La population noire (12 % de la population nationale) est présente surtout dans le Sud-Est des États-Unis, où elle constitue plus de 50 % de la population dans certains comtés du Mississippi, de l'Alabama ou de la Georgie. L'économie de plantation fondée sur l'esclavage et des raisons de coût de transport pour les organisateurs de la traite expliquent cette concentration des populations afro-américaines à proximité des côtes de la Caraïbe et de l'Atlantique. L'industrialisation et la mécanisation des campagnes dans les années 1920-1930 provoquent la dispersion des populations noires sur le territoire, dispersion toute relative puisqu'elle concerne surtout les grandes métropoles, notamment celles du Nord-Est, et dans une moindre mesure de Californie.

Les Hispaniques constituent aujourd'hui le plus fort contingent d'immigrés (41,8 millions) avec les Asiatiques. Ils pourraient représenter un cinquième de la population américaine en 2050, vu leur fécondité et l'ampleur des migrations. Il faut distinguer les hispanos – descendants des anciens colons, installés dans les États du Sud-Ouest avant leur annexion en 1848 – et les chicanos, arrivés depuis 1950. Ils sont logiquement plus présents à proximité des pays d'origine : Texas et Californie pour les Mexicains, qui représentent 63 % des immigrants hispaniques, Floride pour les Cubains (5 %), notamment à Miami, véritable plaque tournante pour les réfugiés politiques de Cuba, mais aussi de Haïti ou du Nicaragua. Cependant, les Portoricains (13 %) – citoyens américains puisque Porto Rico est un État associé – se concentrent plutôt dans les grandes villes, de la mégalopole du Nord-Est notamment.

Avec 12,4 millions d'individus, les Asiatiques représentent 4 % de la population américaine en 2000 ; ils constituent néanmoins le deuxième flux après les immigrants d'Amérique latine, en augmentation de 170 % entre 1985 et 1995. Là encore, il faut distinguer deux grandes vagues d'immigration : au XIXe siècle, l'arrivée des coolies chinois pour la construction du chemin de fer dans l'Ouest, dont l'immigration s'apparente à une véritable traite, et, dans la seconde moitié du XXe siècle, une immigration d'origine plus diversifiée, chinoise, mais aussi philippine, japonaise, indienne, vietnamienne ou laotienne.
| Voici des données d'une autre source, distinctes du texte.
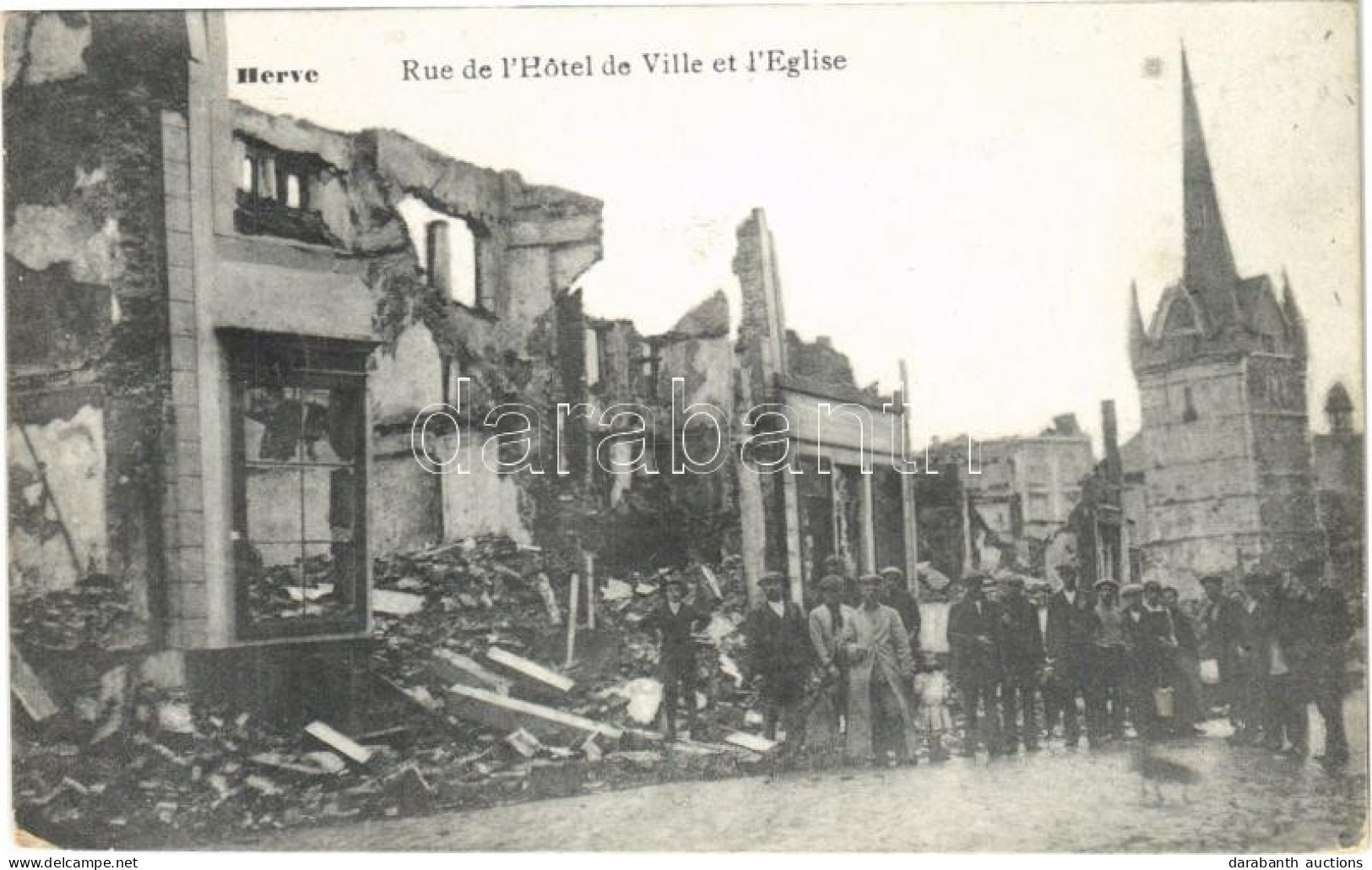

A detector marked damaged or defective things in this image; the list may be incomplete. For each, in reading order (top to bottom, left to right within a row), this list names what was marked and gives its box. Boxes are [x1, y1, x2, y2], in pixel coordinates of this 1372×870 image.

broken window frame [225, 331, 375, 642]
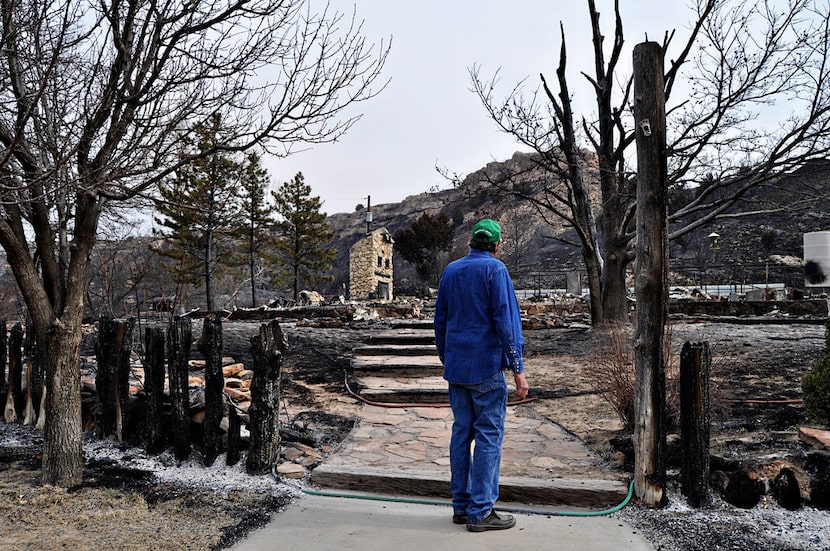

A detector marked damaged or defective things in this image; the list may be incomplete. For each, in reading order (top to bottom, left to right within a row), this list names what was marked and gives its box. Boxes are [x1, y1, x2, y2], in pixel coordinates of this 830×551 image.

charred wooden fence [2, 314, 286, 474]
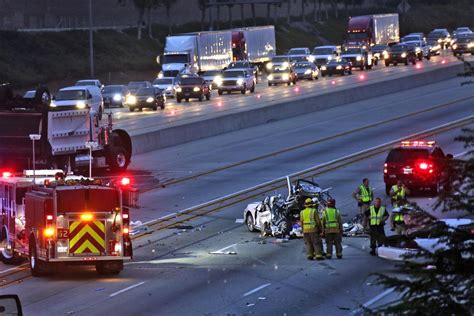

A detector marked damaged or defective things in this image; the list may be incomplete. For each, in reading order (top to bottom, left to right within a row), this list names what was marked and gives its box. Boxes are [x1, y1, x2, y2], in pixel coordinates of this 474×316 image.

wrecked white car [243, 178, 332, 237]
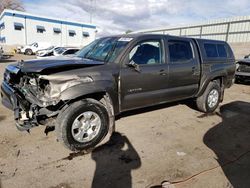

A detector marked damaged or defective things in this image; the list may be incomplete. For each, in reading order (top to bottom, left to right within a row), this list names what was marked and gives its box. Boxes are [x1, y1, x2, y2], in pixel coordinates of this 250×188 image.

crumpled front hood [17, 55, 103, 73]
damaged pickup truck [0, 34, 235, 151]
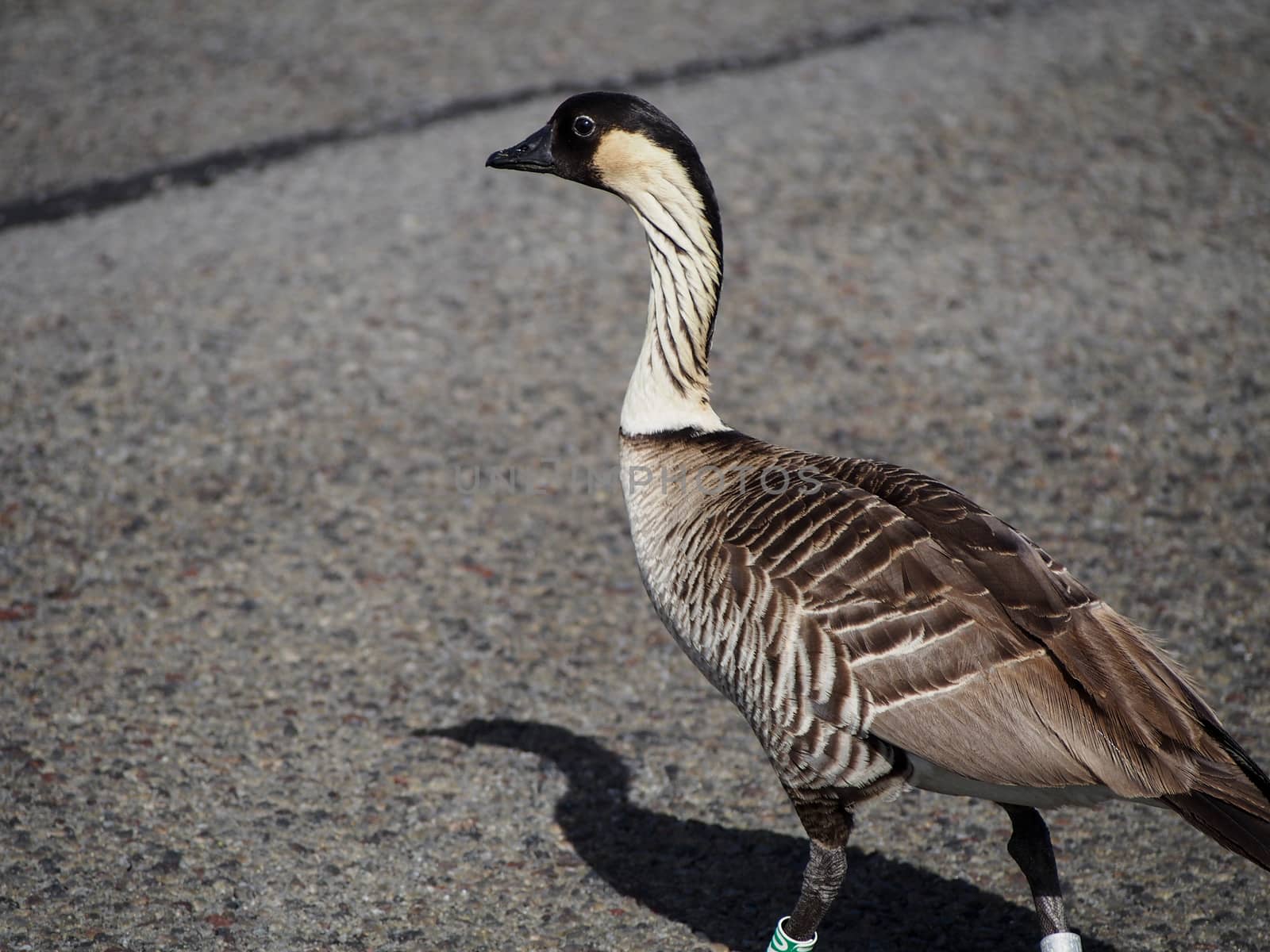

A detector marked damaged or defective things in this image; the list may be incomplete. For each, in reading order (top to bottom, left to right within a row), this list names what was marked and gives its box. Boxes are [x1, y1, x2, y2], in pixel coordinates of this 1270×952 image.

crack in pavement [0, 2, 1021, 233]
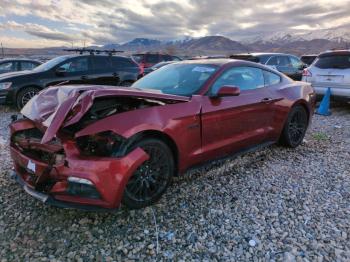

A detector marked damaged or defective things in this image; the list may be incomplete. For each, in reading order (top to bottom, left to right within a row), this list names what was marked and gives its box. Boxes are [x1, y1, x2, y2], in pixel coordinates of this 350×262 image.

front bumper damage [9, 119, 149, 210]
crumpled hood [20, 85, 190, 143]
damaged red mustang [8, 58, 318, 209]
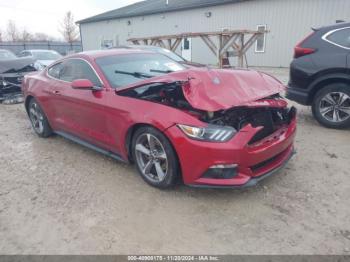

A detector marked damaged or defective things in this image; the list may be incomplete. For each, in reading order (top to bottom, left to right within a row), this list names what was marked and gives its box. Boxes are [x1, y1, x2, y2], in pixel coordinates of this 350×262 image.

cracked hood [119, 67, 286, 111]
damaged red mustang [21, 49, 296, 188]
broken headlight [178, 124, 235, 142]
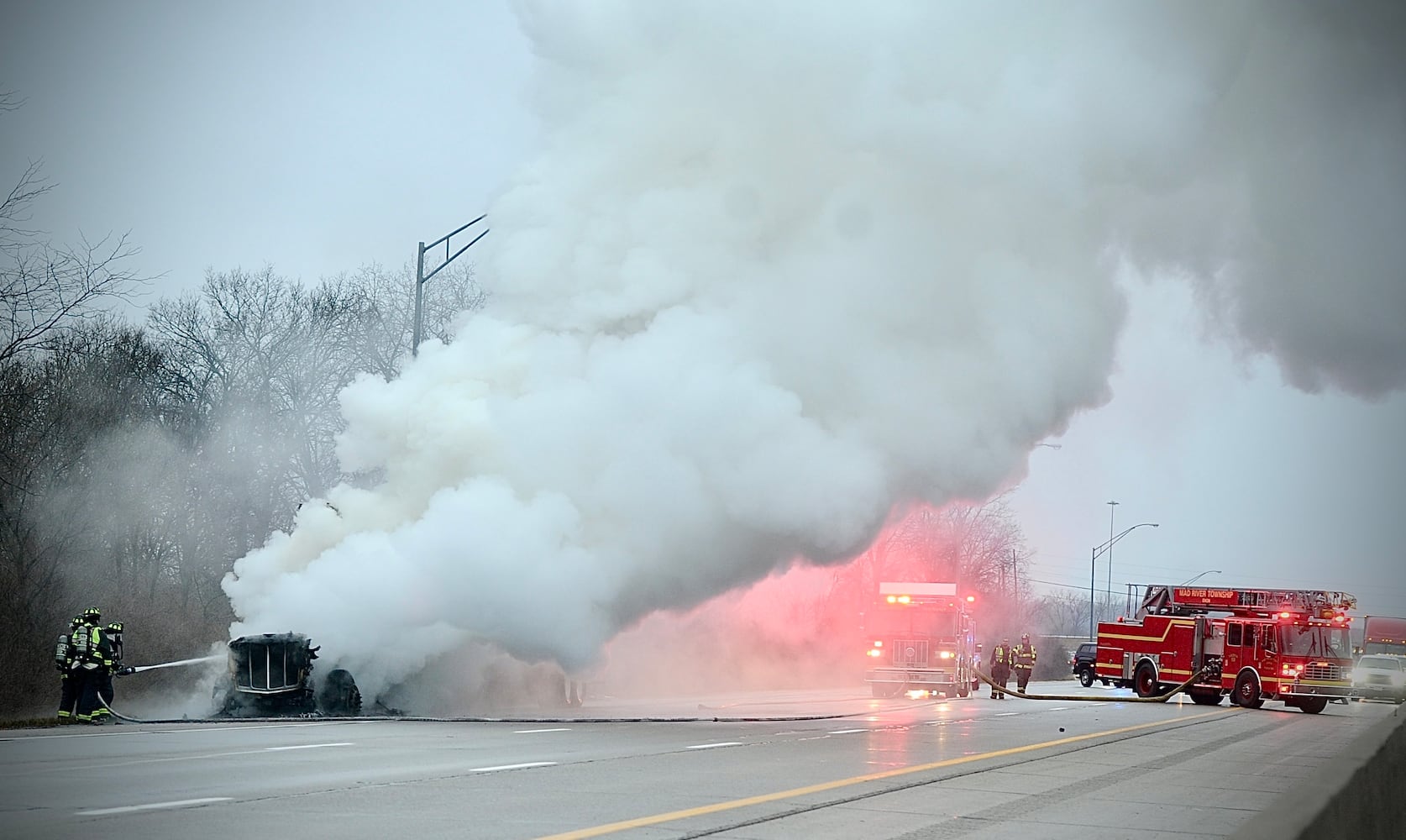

Particulièrement présents à Hawaii où ils représentent 50 % de la population, ils sont également très nombreux dans les villes californiennes et dans la mégalopole du Nord-Est.



Cohabitation des groupes


Bien que l'immigration soit un des fondements de la culture des États-Unis, elle n'en est pas moins à l'origine de nombreuses tensions au sein de la société et de tout aussi nombreuses questions sur l'identité américaine. Fille de la modernité, la nation américaine a longtemps été pensée comme l'espace de liberté par excellence, où doit s'épanouir un homme nouveau, quelles que soient son origine, sa religion, ses opinions, dès lors qu'il respecte la Constitution.

L'idée du melting-pot, définie dans les années 1920, découle directement de cette conception des États-Unis : de la fusion de différents peuples et de différentes cultures doit naître une nouvelle race d'hommes. Toutefois, au début du XXe siècle, de nombreuses réactions xénophobes avaient déjà divisé la nation en formation : la question de l'esclavage des Noirs et la guerre de Sécession ou encore les discriminations contre les Chinois en Californie en attestent. Au sein même de la population blanche apparaissent également des discriminations, notamment sous l'impulsion des nativistes qui sont, dans les années 1920, à l'origine des quotas favorables à l'immigration anglo-saxonne et protestante (celle des W.A.S.P., White Anglo-Saxon Protestants) aux dépens des Européens de l'Est et du Sud, catholiques (Polonais et Italiens, alors très nombreux).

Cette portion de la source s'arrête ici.